None of these options are important for the normal use of Drive Snapshot; usually you should use the default settings.
Disk image files can become rather large, if saving big partitions. However they should not be larger then certain limits, else they will not be usable by DOS (limit = 2047 MB) or will not fit on a CD-R/W (Limit 650-750MB).
So Snapshot will cut the disk image file after a preset size (default=650MB), and create several files with extensions ".SNA", ".SN1",".Sn2",..
If you know you have larger CR-R's (or even DVD's), you can increase this limit here.
This is relevant for FAT16 partitions with a large cluster size only.
Each file on your disk reserves more space, then it really uses, because disk space is reserved, based on a fixed cluster size. Usually, Drive Snapshot will save complete clusters into the image file, which includes also the unused space after the file. As the cluster size can be rather big for FAT16, saving only the used space can lead to as reduced disk image size.
The problem is, that the determination of the exact size of each file takes a certain time ( typically ~10 seconds), and an application could change some files during the scanning time.

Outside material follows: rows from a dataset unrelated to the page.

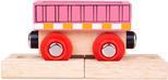 Bigjigs Pink Wagon (4)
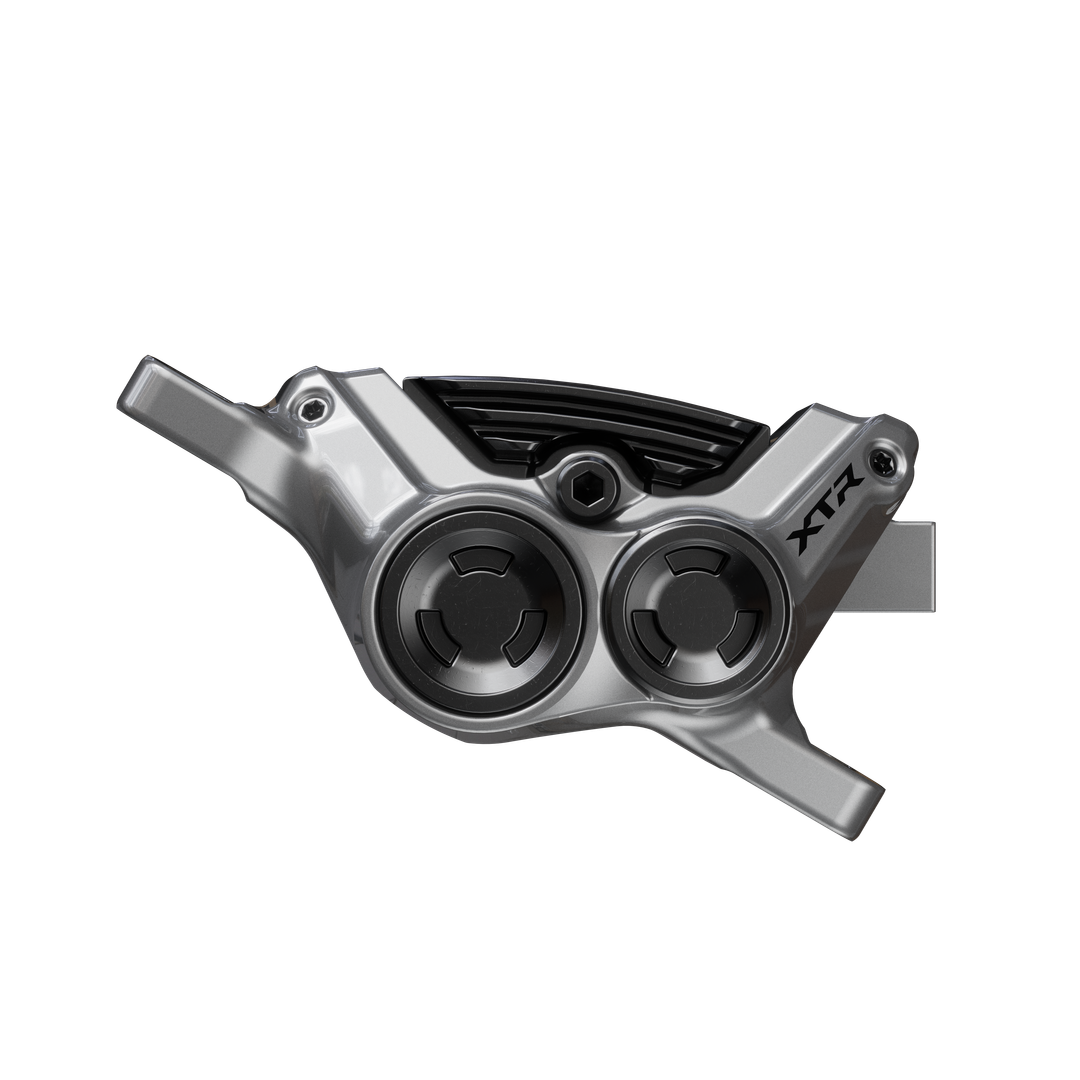 br-m9220-2.png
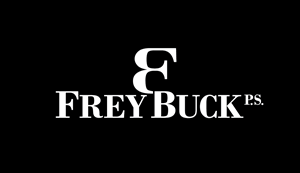 Logo Design by DianneS. for this project | Design: #754228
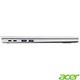 (福利品)Acer 宏碁 Swift Go SFG14-71T-55QB 14吋觸控輕薄筆電(i5-13500H/16GB/512GB/Win11)｜EVO認證 product thumbnail 8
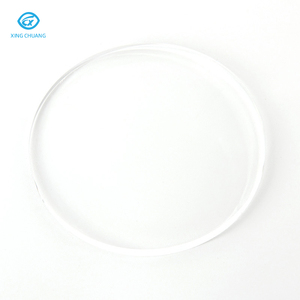 Lentes Ópticas HMC con Bloqueo de Luz Azul de 1.60, para <span class=keywords><strong>Miopía</strong></span>, Presbicia <span class=keywords><strong>y</strong></span> <span class=keywords><strong>Astigmatismo</strong></span> Alto, Gran Venta - Product Image 6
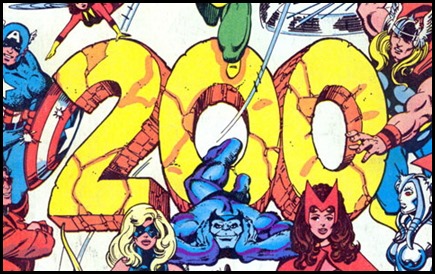 200 artículos
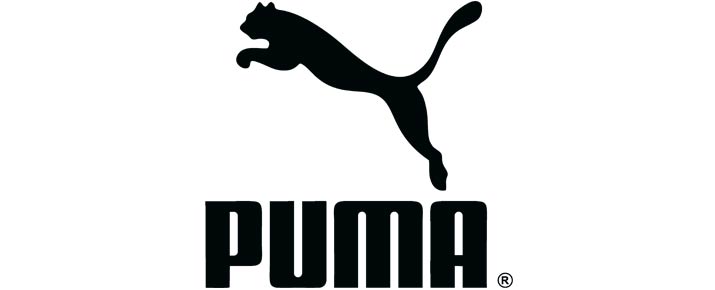 Come vendere o comprare azioni Puma online?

This would lead to the problem, that the disk isn't entirely consistent, but rather contain some files with the file size of 9:00:00, and with others of 9:00:05 saved.
For this reason, please use this option only if you know that the disk is 'quite' at the time of the backup start for ~20 seconds; then however it's completely save to use this option.
A different possibility to solve the same problem is Command line - ClusterZap ; this will simply wipe everything unused behind the real data with 0's, which are very nicely compressible.
This saves each and every cluster on the disk, ignoring the free space information.
This has it's use, if you are trying some 'Data Recovery' Tool to recover some data from a damaged disk, but want to be able to restore the original state for the case that the 'recovery' fails.
Saves these settings to be uses as new default settings.